Tom Brady is a cheater.
Tom Brady benefited --- I don't know exactly how much --- by his organization being involved in Spygate. It helped his team complete passes, it helped them gain yards, it helped them score touchdowns and ultimately win games. That's my opinion and I'll never waver from it. Ever, ever, ever, ever. It is firmly what I believe.
Tom Brady also probably never needed it to beat teams; he would have been victorious anyway. He's like the smartest kid in the class who feels the need to have a surreptitious cheat sheet tucked up his sleeve or the answers written on the bottom of his shoe anyway.
It was all just reassurance, I guess. For me, as we sit here today and Brady is taking his team --- and his great talents --- to another Super Bowl, he remains the most perplexing and complex character in sports in my lifetime. Damn, is the guy great. But, damn, is he tough to root for. But, you know, damn is he great.
Watching what he did yesterday, there was never a doubt he was going to take his team up the field (he did it twice) and eventually be victorious. That's what Brady always does, that's how he built this legacy. When it comes time for the most consequential downs of a football game, Brady flourishes. And he did against the Chiefs, converting three 3rd-and-10s in the late-game situation all the while throwing dart after dart exactly where he wanted.
But there was also the other side of it, which makes Brady someone who is so complex to figure out: he was the beneficiary of a really, really iffy roughing the passer call and then had a huge blemish wiped away when an offside call negated what would have been a game-ending interception. It was just Brady being Brady --- seemingly always in the middle of everything and always coming out on the other side smelling like roses. He actually comes out smelling like 100 dozen roses, and with a huge smile on his face.
That, to me at least, is the mark of his career --- Tom Brady always is left standing at the end of the situation as the guy who is smiling and portrayed as the hero America needs, wants and has to have. I'm not complaining or saying it shouldn't be that way, I'm just observing the fact he incessantly seems to escape things and find the other side of it with the sunshine on him. It's just like the Spygate scandal now. In other sports, and maybe even with other football players, they'd be made to wear a Scarlet Letter forever. Not with Brady. It is ancient history, it's in the far, far past and he smiled his way through it. We, as the American football consumer, are supposed to forget about it. But, conversely as an American baseball consumer, we must never forget that Barry Bonds cheated. It just feels imbalanced to me.
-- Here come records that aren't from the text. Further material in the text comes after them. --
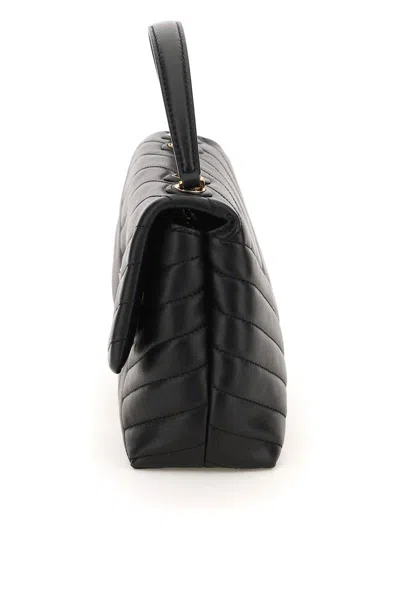 Shop Tory Burch Small Kira Shoulder Bag In Black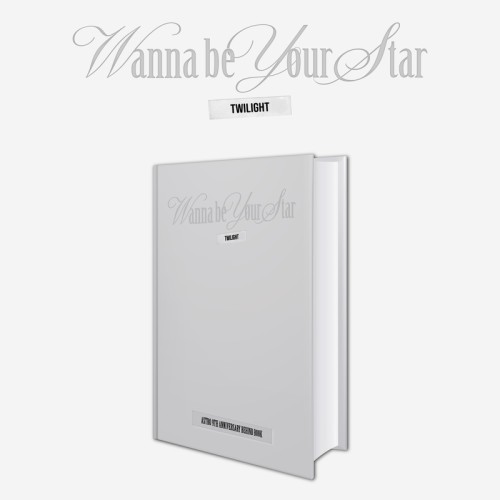 ASTRO 9TH ANNIVERSARY BEHIND BOOK [Wanna be your Star : Twilight]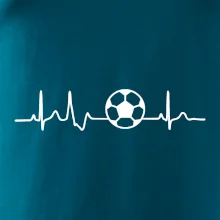 Ekg futbal loptu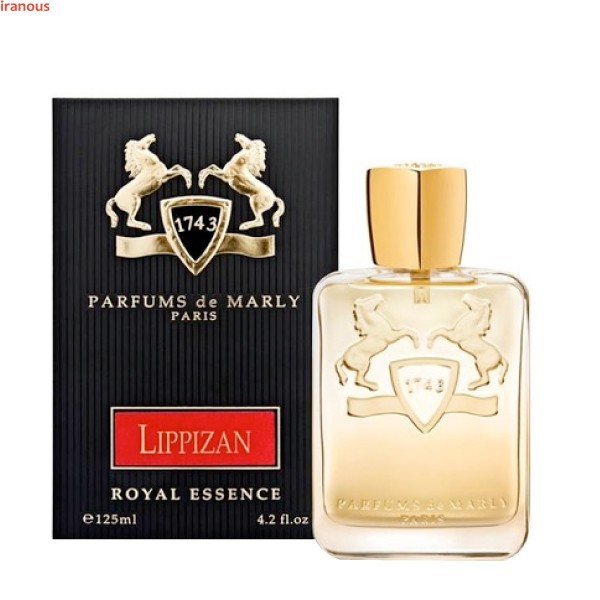 عطر مردانه پرفیوم دومارلی مدل Lippizan Eau De Parfum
On one hand, I think Brady can come off incredibly smug and arrogant. He can give the impression that he's a guy who looks at many people as if they are beneath him and has no soul, attachment to the common man or focus on anything but himself.
But then you hear the story like the one told in the aftermath of the AFC title game on Sunday. Apparently in the underbelly of Arrowhead Stadium, Brady left the Patriots' locker room and approached a security guard situated outside the Chiefs' locker room. Touchdown Tom wanted to talk to Pistol Patrick. Yep, that's right, Brady wanted to make sure to tell young Chiefs quarterback Patrick Mahomes to keep his chin up --- in Mahomes' time of deepest football despair, Brady wanted to offer a shoulder to lean on. That says a lot about Brady. or, at least the gesture, I don't know. Nonetheless, I know not every quarterback in the National Football League would have done something like that.
So you hear something like that and it adds even more to the "I can't figure this guy out" quotient.
I think that's where I am with all this. When his career is finally finished, when it is all said and done, I will have the understanding that Tom Brady was the best quarterback ever to do it. But I still will never be able to figure him out.